Concerning Violence is a 2014 documentary film written and directed by Göran Olsson. It is based on Frantz Fanon's essay, Concerning Violence, from his 1961 book The Wretched of the Earth. American singer and actress Lauryn Hill served as the narrator in the English-language release of the film, while Finnish actress Kati Outinen provides narration for the original Swedish release.

The film is an international co-production between Sweden, Finland, Denmark, and the United States.

Synopsis
The film narrates the events of African nationalist and independence movements in the 1960s and 1970s which challenged colonial and white minority rule.

Release
The film premiered in-competition in the World Cinema Documentary Competition at 2014 Sundance Film Festival on 17 January 2014, after being pitched at the 2012 MeetMarket at Sheffield Doc/Fest.

In May 2013, Films Boutique acquired the worldwide distribution rights to the film. The film also screened at 64th Berlin International Film Festival in Panorama Dokumente section, in February 2014. It won a prize at the festival. The film also premiered in competition at 2014 Göteborg International Film Festival on 30 January 2014.
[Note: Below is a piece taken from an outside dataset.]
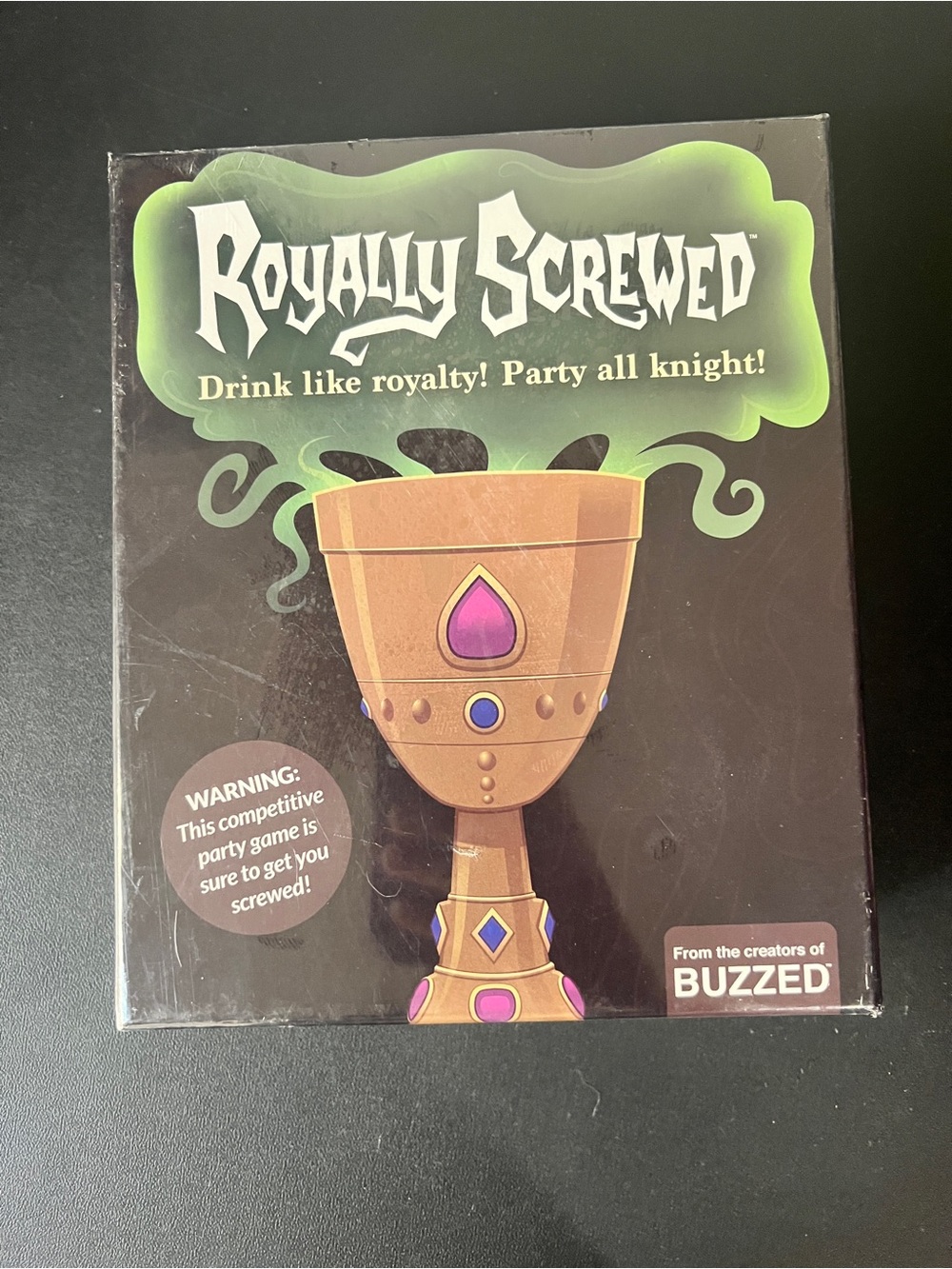 Royally Screwed Game Drink Like Royalty Party All Night 2012 Buzzed Games NEW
It had a theatrical release in Sweden on 15 August 2014. It was released in the UK on 28 November 2014 and in the United States on 5 December 2014.

Reception
Concerning Violence received positive reviews upon its premiere at the 2014 Sundance Film Festival. Review aggregator Rotten Tomatoes gives the film a 90% rating based on reviews from 31 critics, with an average score of 7.5/10. On Metacritic, which assigns a weighted mean rating out of 100 reviews from film critics, the film holds an average score of 86, based on 5 reviews, indicating a 'Universal acclaim' response.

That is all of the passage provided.